What alignment-relevant abilities might Terence Tao lack?

towards_keeperhood

What alignment-relevant abilities might Terence Tao lack?

post by Towards_Keeperhood (Simon Skade) · 2025-04-07T19:44:18.620Z · LW · GW · 0 comments

  Background
  The Questions
None
No comments

40. "Geniuses" with nice legible accomplishments in fields with tight feedback loops where it's easy to determine which results are good or bad right away, and so validate that this person is a genius, are (a) people who might not be able to do equally great work away from tight feedback loops, (b) people who chose a field where their genius would be nicely legible even if that maybe wasn't the place where humanity most needed a genius, and (c) probably don't have the mysterious gears simply because they're rare. You cannot just pay $5 million apiece to a bunch of legible geniuses from other fields and expect to get great alignment work out of them. They probably do not know where the real difficulties are, they probably do not understand what needs to be done, they cannot tell the difference between good and bad work, [...]

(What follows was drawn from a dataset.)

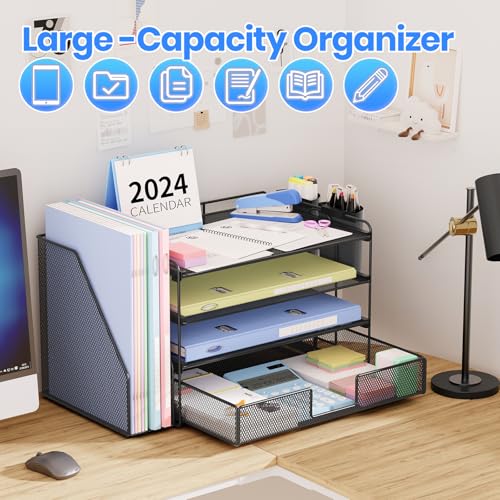 Classic OPNICE Desk Organizer, 4-Tier Desktop File Organizer with Drawer and Set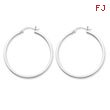 14K White Gold 2x38mm Square Tube Hoops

-Eliezer in AGI ruin [LW · GW]

This question is about the capabilities that are needed for alignment research in the worlds where alignment is hard, so we need to solve alignment very robustly, for which the easiest path to success likely involves creating a new AGI paradigm where alignment is more feasible.

My guess is that Eliezer is likely right about that we cannot just pay a young supergenius to work on alignment and expect useful (hard-world) alignment progress to come out, but I'm wondering whether we might be able to train them to become capable in the relevant ways.

I'm not asking because of Terence Tao specifically - I think he's too old. I'm thinking about 2 other young supergeniuses, though I don't want to write their names here, mainly because there's opportunity cost to reaching out prematurely.^[1]

Background

Let's divide human intelligence into 2 (clusters of) subdimensions, and call them INT and WIS^[2]:

INT: working memory size, accuracy and speed of performing complex operations on working memory content, pattern recognition ability on working memory content, precise long-term memory. (Mostly the subdimensions that are measured through IQ tests.)
WIS: forming very deep models over long timescales where even tiny inconsistencies/confusions get noticed, ability to form good ontologies and find core cruxes in problems, precise intuitive Bayesian updating.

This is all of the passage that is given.